EXERCISE DETAILS
Quote the records in full and leave their pictures out.
[DATASET RECORDS Boundary: Start]
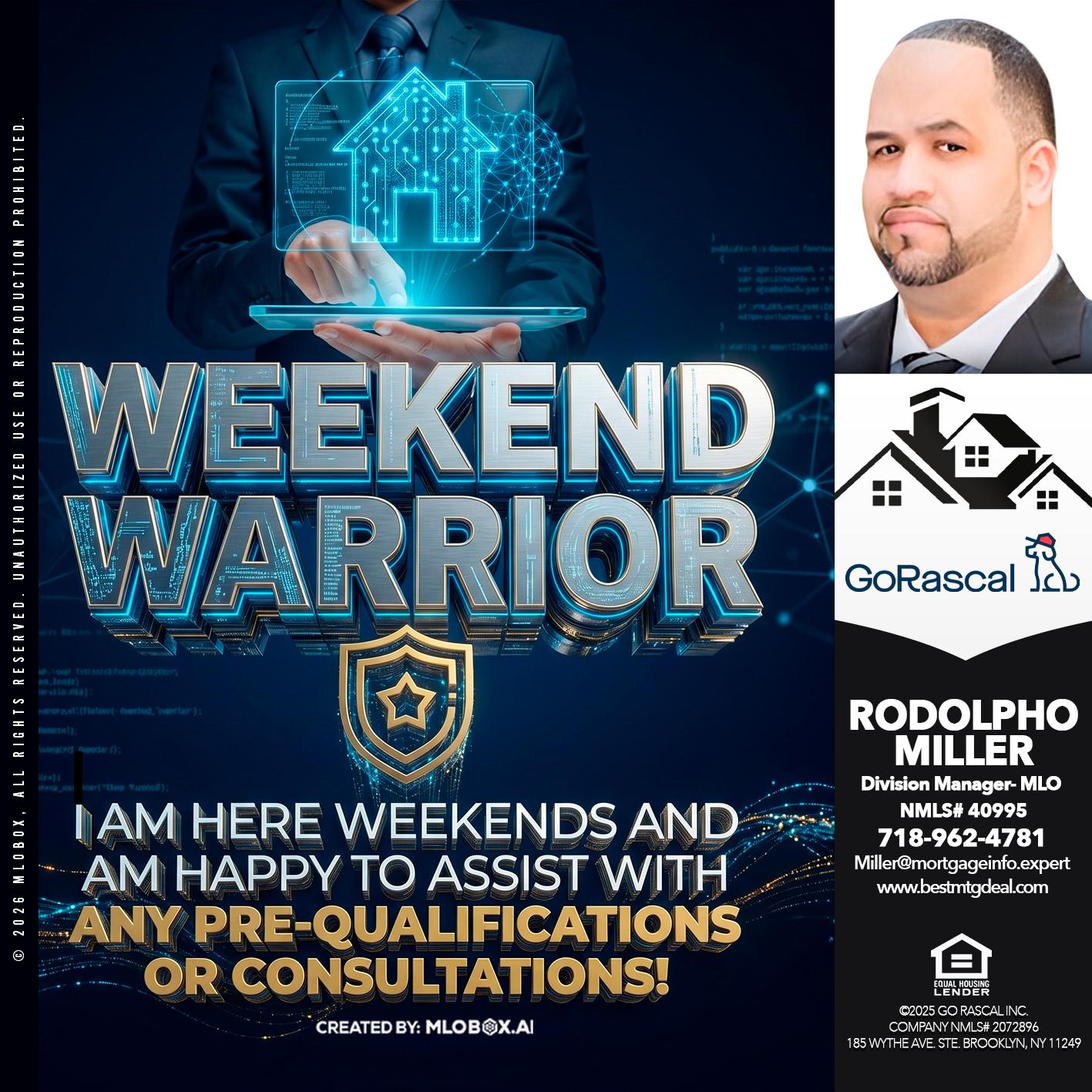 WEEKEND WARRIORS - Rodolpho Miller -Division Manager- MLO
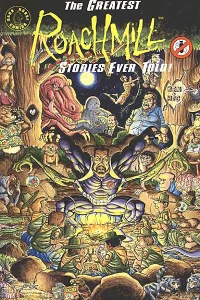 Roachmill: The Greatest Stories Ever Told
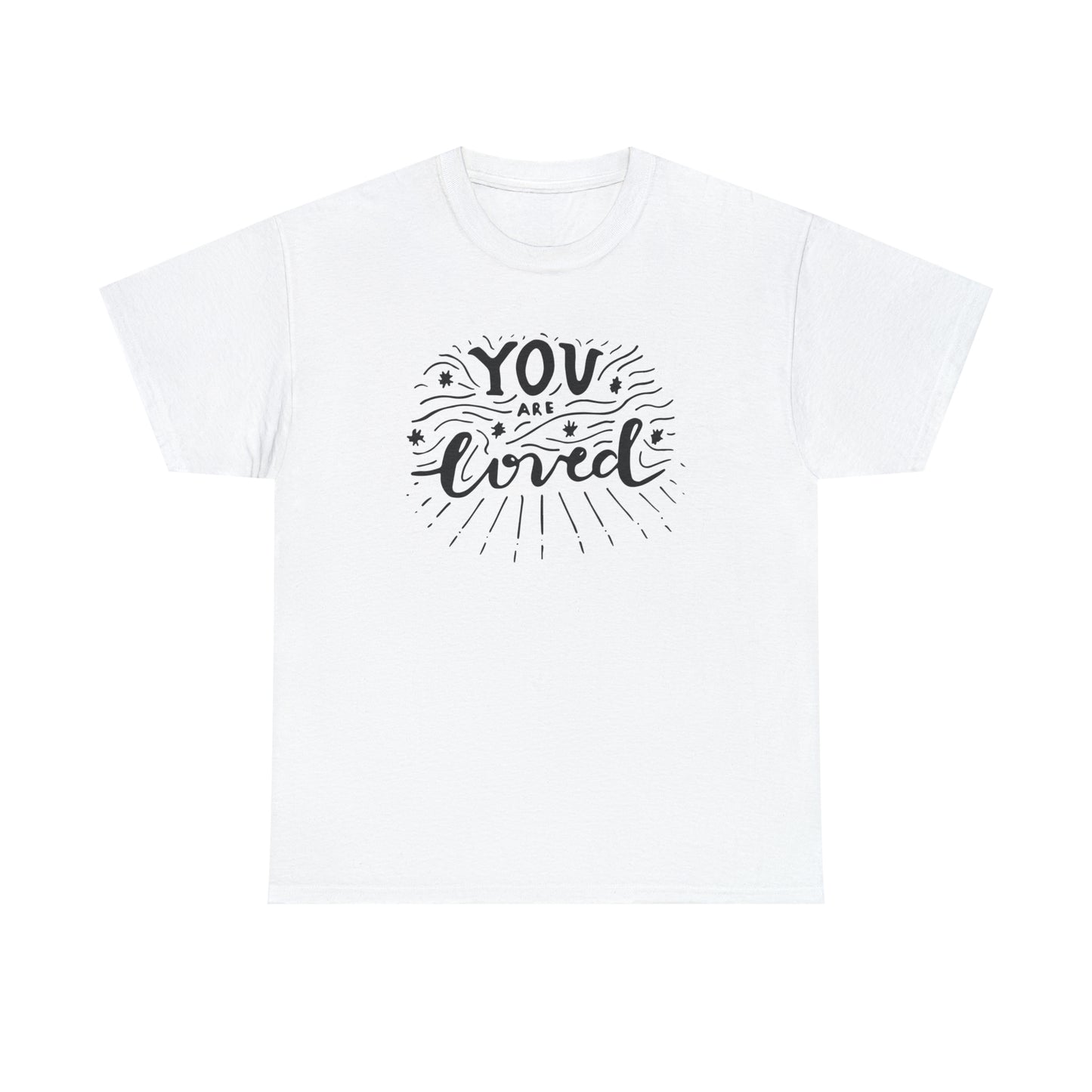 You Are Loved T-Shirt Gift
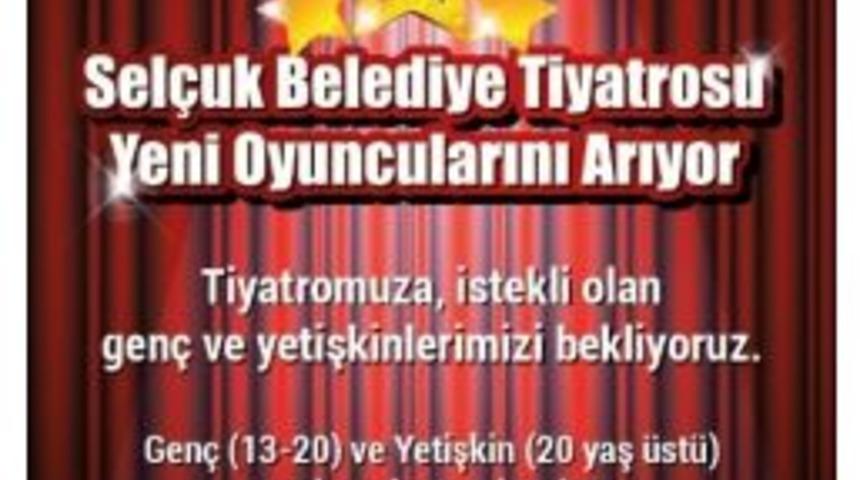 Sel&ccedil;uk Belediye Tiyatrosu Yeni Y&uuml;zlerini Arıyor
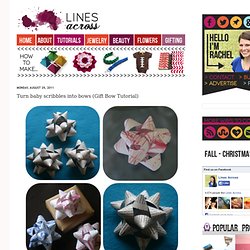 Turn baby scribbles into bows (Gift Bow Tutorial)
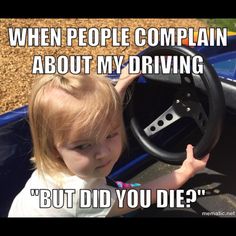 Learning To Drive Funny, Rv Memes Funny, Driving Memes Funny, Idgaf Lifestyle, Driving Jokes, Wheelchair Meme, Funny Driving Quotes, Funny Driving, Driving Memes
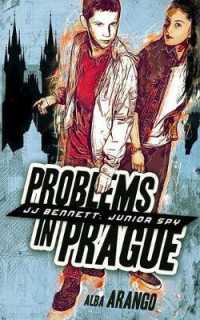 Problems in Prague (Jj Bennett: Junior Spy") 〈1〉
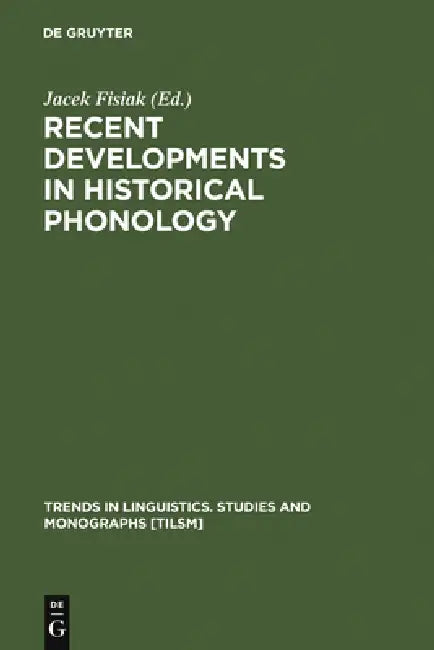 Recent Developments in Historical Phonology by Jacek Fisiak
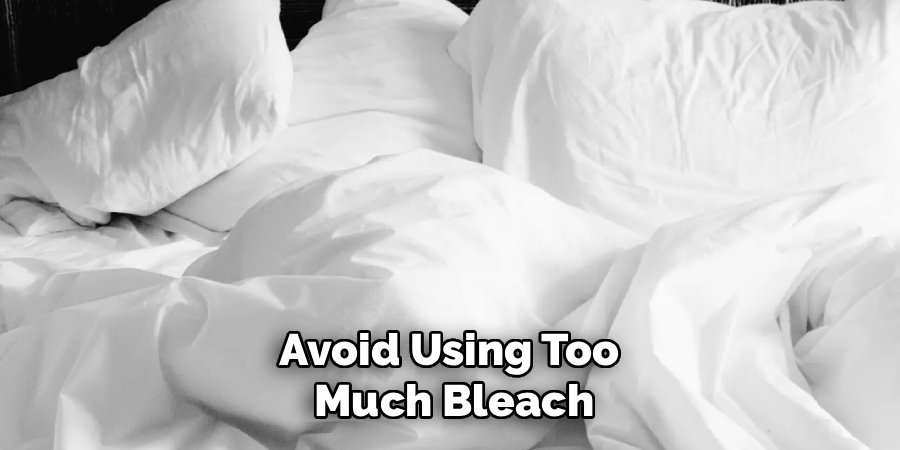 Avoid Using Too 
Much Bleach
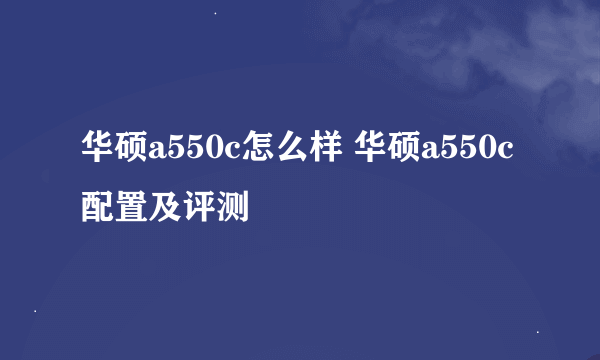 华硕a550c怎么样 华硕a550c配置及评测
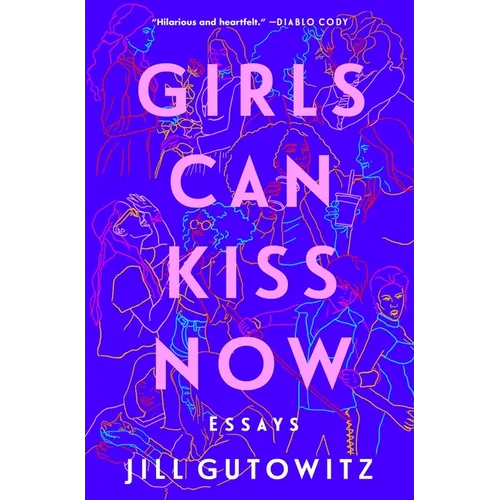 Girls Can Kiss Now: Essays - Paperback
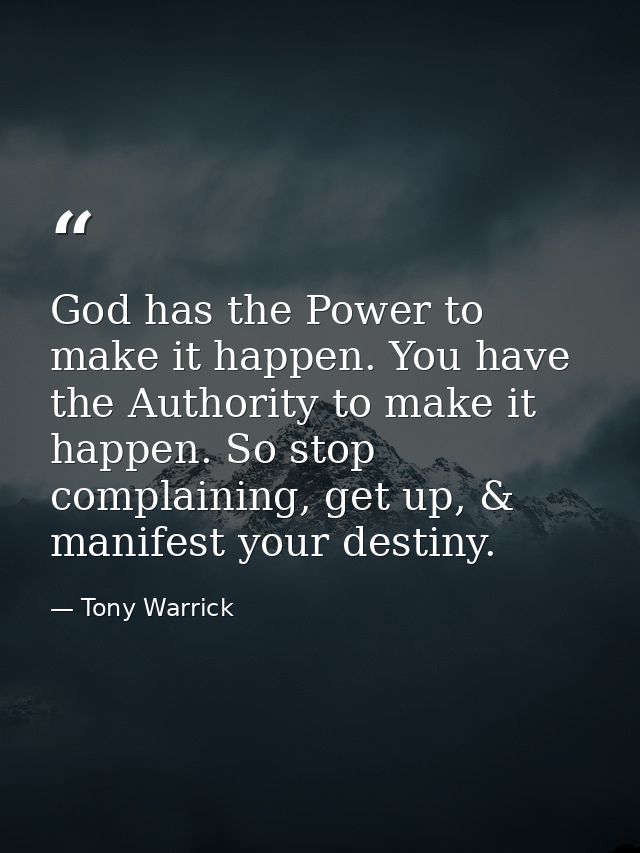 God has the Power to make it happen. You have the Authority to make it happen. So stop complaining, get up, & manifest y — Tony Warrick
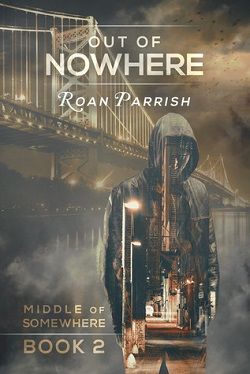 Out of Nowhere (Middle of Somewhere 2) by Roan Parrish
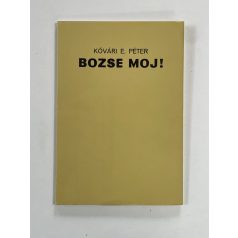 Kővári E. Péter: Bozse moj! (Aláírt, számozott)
[DATASET RECORDS Boundary: End]
ANSWER FOR THE TASK
 WEEKEND WARRIORS - Rodolpho Miller -Division Manager- MLO
 Roachmill: The Greatest Stories Ever Told
 You Are Loved T-Shirt Gift
 Sel&ccedil;uk Belediye Tiyatrosu Yeni Y&uuml;zlerini Arıyor
 Turn baby scribbles into bows (Gift Bow Tutorial)
 Learning To Drive Funny, Rv Memes Funny, Driving Memes Funny, Idgaf Lifestyle, Driving Jokes, Wheelchair Meme, Funny Driving Quotes, Funny Driving, Driving Memes
 Problems in Prague (Jj Bennett: Junior Spy") 〈1〉
 Recent Developments in Historical Phonology by Jacek Fisiak
 Avoid Using Too 
Much Bleach
 华硕a550c怎么样 华硕a550c配置及评测
 Girls Can Kiss Now: Essays - Paperback
 God has the Power to make it happen. You have the Authority to make it happen. So stop complaining, get up, & manifest y — Tony Warrick
 Out of Nowhere (Middle of Somewhere 2) by Roan Parrish
 Kővári E. Péter: Bozse moj! (Aláírt, számozott)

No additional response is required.